◆ What is needed
What is needed is every line from the one holding "JTMZFREV0FD063017 - 2015" to the last line of the data below, printed exactly and without pictures.

◆ Collected material
+-------+
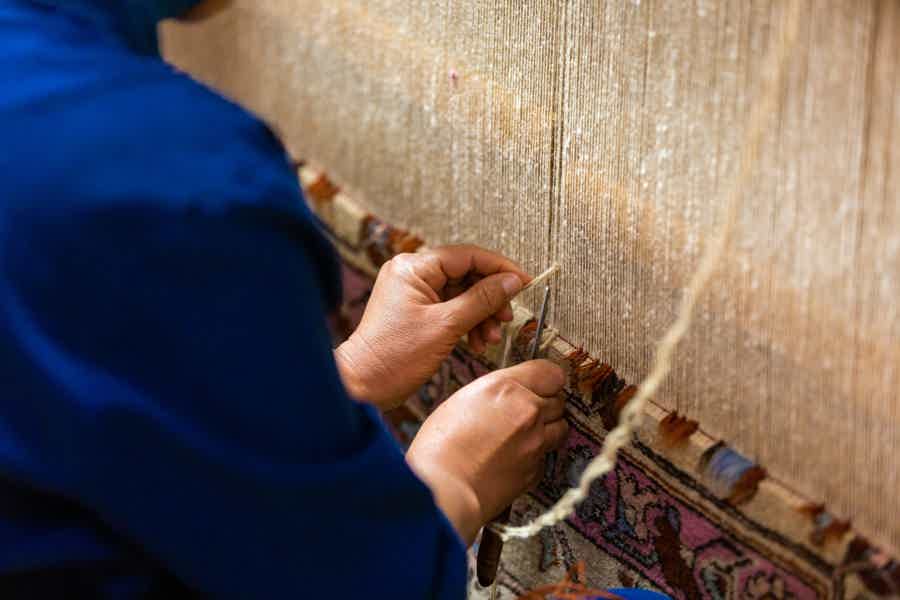 Ткачество ковров: погружение в культуру Азербайджана - фото 4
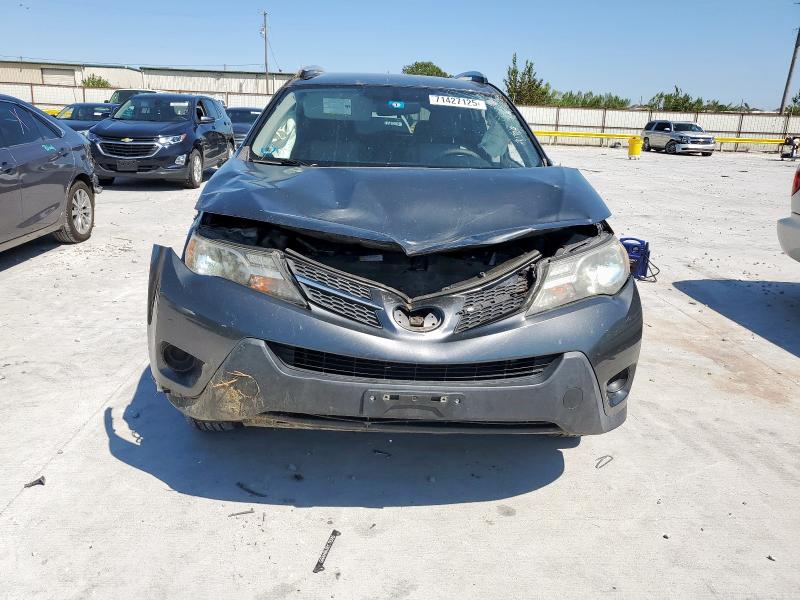 JTMZFREV0FD063017 - 2015 TOYOTA RAV4 LE CHARCOAL photo 5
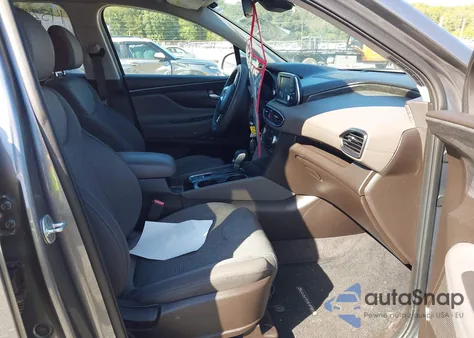 2019 Hyundai Santa Fe Se from USA, damaged, VIN 5NMS23AD8KH056907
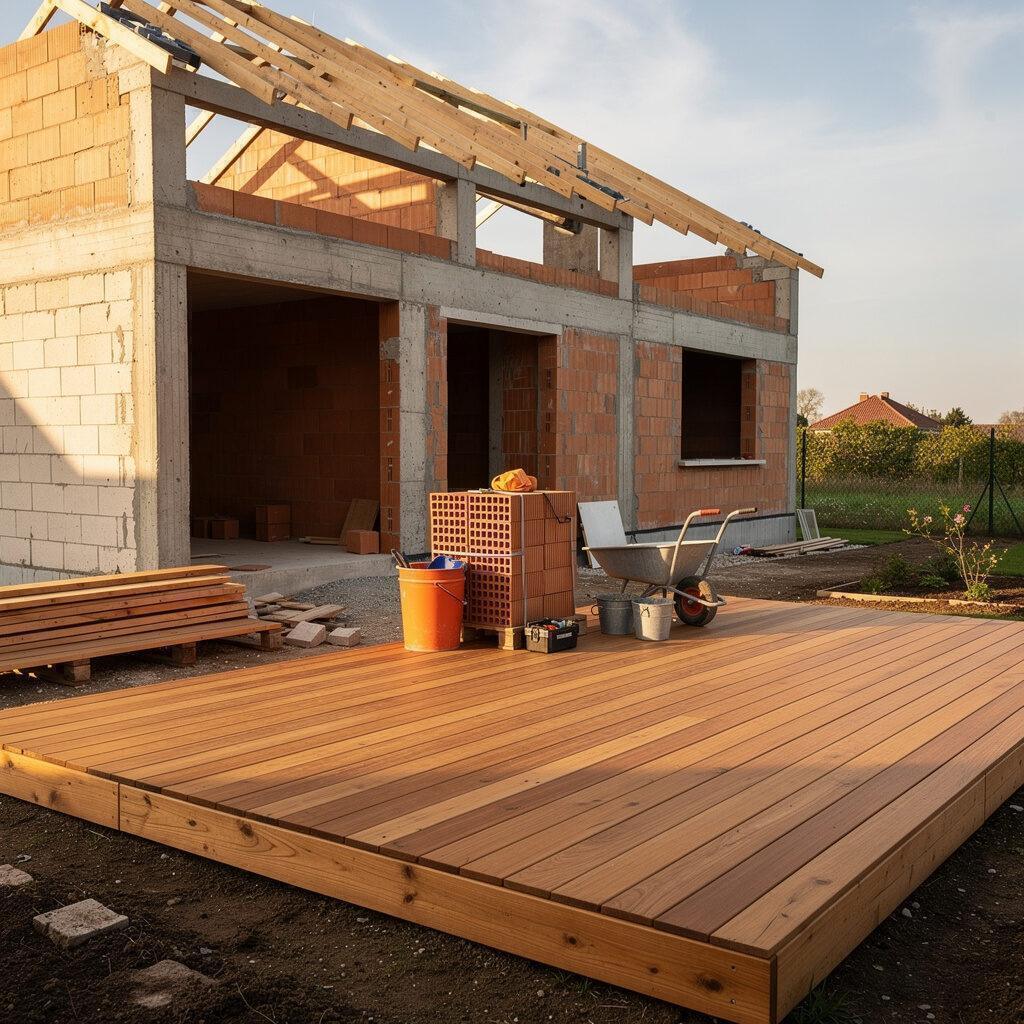 Generalunternehmer für private Bauvorhaben – vom Rohbau bis zur Gartenterrasse – Alpha General Construction GmbH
+-------+
◆ Output for this exercise
 JTMZFREV0FD063017 - 2015 TOYOTA RAV4 LE CHARCOAL photo 5
 2019 Hyundai Santa Fe Se from USA, damaged, VIN 5NMS23AD8KH056907
 Generalunternehmer für private Bauvorhaben – vom Rohbau bis zur Gartenterrasse – Alpha General Construction GmbH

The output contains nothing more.